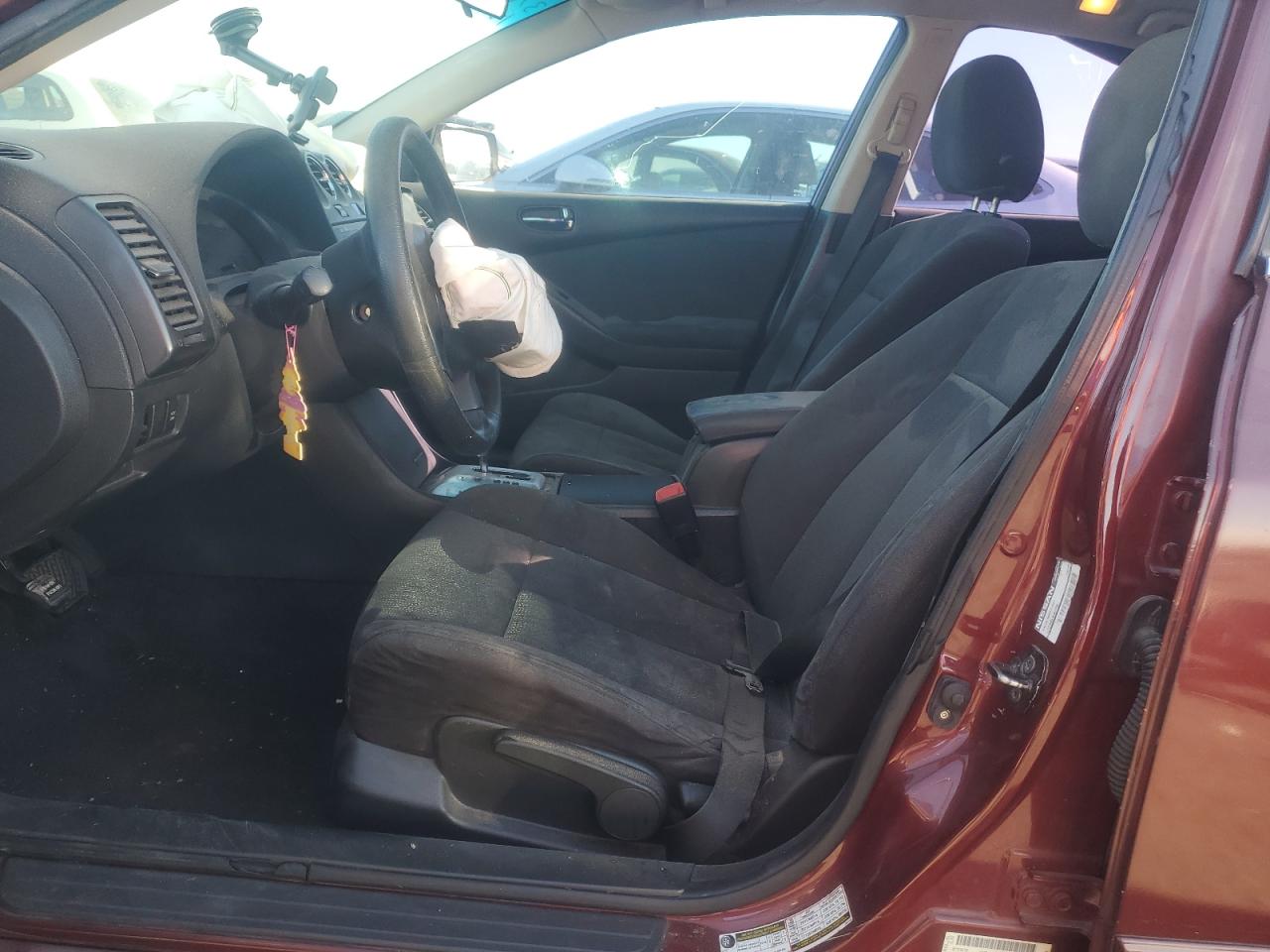2010 Nissan Altima - Image 7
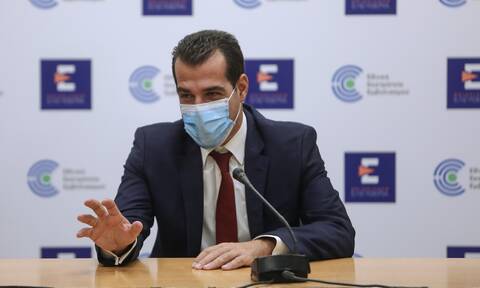Πλεύρης: «Αδιάβαστος ο κ. Τσίπρας για τα θέματα του υπουργείου Υγείας»
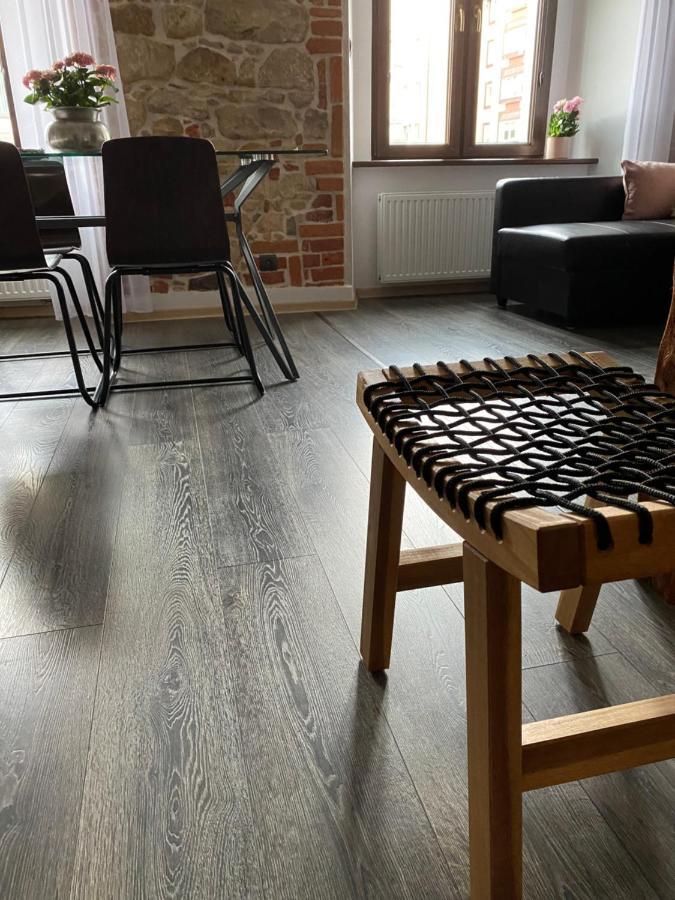 Apartament Przy Ratuszu Kłodzko Dış mekan fotoğraf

(TASK OBJECTIVE):
Go to the line containing "ο κ. Τσίπρας", then write out word for word every line from there to the end of the listing. Keep both end lines and drop the pictures.

(EXERCISE RESPONSE):
Πλεύρης: «Αδιάβαστος ο κ. Τσίπρας για τα θέματα του υπουργείου Υγείας»
 Apartament Przy Ratuszu Kłodzko Dış mekan fotoğraf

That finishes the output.